Born in Portland Oregon on 24 February 1938, Philip H Knight would become ‘the most powerful person in sports’. He is the co-founder and current Chairman of the Board for Nike, Inc. Phil Knight attended Cleveland High School in Portland Oregon from where he went on to attend the University of Oregon in Eugene, having earned a journalism degree in 1959. It was at the University of Oregon that Knight discovered his love for athletics as a middle distance runner in track and field under the tutelage of Coach Bill Bower man.

He received varsity letters in 1957, 1958 and 1959 for track and had achieved a personal best mile of 4:10. After graduating in 1959, Knight enlisted in the US Army, for one-year active service and the following seven years as a reservist. During his reserve duty, he attended the Stanford Graduate School of Business to obtain his degree in Master of Business Administration. It was in a business class that Knight discovered he had a passion other than athletics, and that was as an entrepreneur.

His instructor, Frank Shallenberger, had assigned him to write a business plan on something he enjoyed and knew about. That assignment led to the inspiration for Knight to form a company selling shoes to athletes. His paper, titled, ‘Can Japanese Sports Shoes do to German Sports Shoes what Japanese Cameras did to German Cameras?’ was directed at answering the question whether a shoe could be designed and manufactured for less cost with better quality than the current leader in athletic shoes, Adidas.

His paper inspired him to such an extent that after graduating from Stanford with an MBA in 1962, Knight actually put his fictitious work into practice by flying to Japan and meeting with executives of Onitsuka Tiger Co, a manufacturer of Adidas knockoffs. He told the Tiger executives that he was the head of Blue Ribbon Sports (a fictitious company he created to convince Tiger that he was a serious buyer), and that he wanted to distribute their shoes in the United States. Tiger officials agreed to send him samples after Knight convinced them he would place a large order once he was able to show the samples to his partners (also fictitious).

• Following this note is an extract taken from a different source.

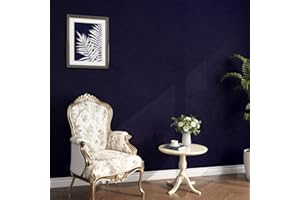 ReWallpaper Papier Peint Floqué Bleu Marine Film Adhesif Velours pour Meuble 44.5cm×7m Rouleau Adhésif Decoratif Floqué Bleu Papier Autocollant en Tissu Mural Chambre Salon Uni Épais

Upon returning to the United States, Knight borrowed $500 from his father to pay for the samples and start up his business. Shortly thereafter, he received the samples and immediately sent a few pairs to his former coach Bill Bowerman in the hopes that coach Bowerman would buy them and help promote the shoes to his athletes.

Instead, Bowerman offered to put up $500 and join Knight as a partner in this new venture. The two new partners officially formed Blue Ribbon Sports in 1964, purchased 200 pairs of shoes from Tiger, and began selling them to athletes at track meets throughout the Oregon and Washington region.

Knight’s storefront was his early 1960s Plymouth Valiant. Knight had to maintain his job as an accountant while selling shoes. However, by 1969, he was able to leave his job and begin working full-time for Blue Ribbon Sports. In 1971, with sales exceeding $3 million, Knight decided to break with Tiger and start designing his own line of shoes named Nike (suggested by a friend, Jeff Johnson, after the Greek- winged goddess of victory). Knight commissioned Portland State art student Carolyn Davis to create the ‘swoosh’ logo as Bowerman designed the waffle sole for better traction.

The new Nike shoe debuted in 1972. Utilizing sports figures to promote his shoes, Knight embarked on an advertising campaign that included the likes of John McEnroe, and later, Michael Jordan. Sales flourished tremendously and in December 1981 the company was officially named Nike, Inc. By 1986, Nike sales hit a tremendous $1 billion, becoming the number one selling shoe in the world.

In 2004, Philip Knight stepped down as CEO but continues to remain as chairman of the board. Utilizing creativity and inspired by his own driving desire to build a better shoe, from a fictitious ‘paper’ company Philip Knight created a billion dollar industry. As of 2008, he is the 30th richest man in the world with assets of nearly $10 billion.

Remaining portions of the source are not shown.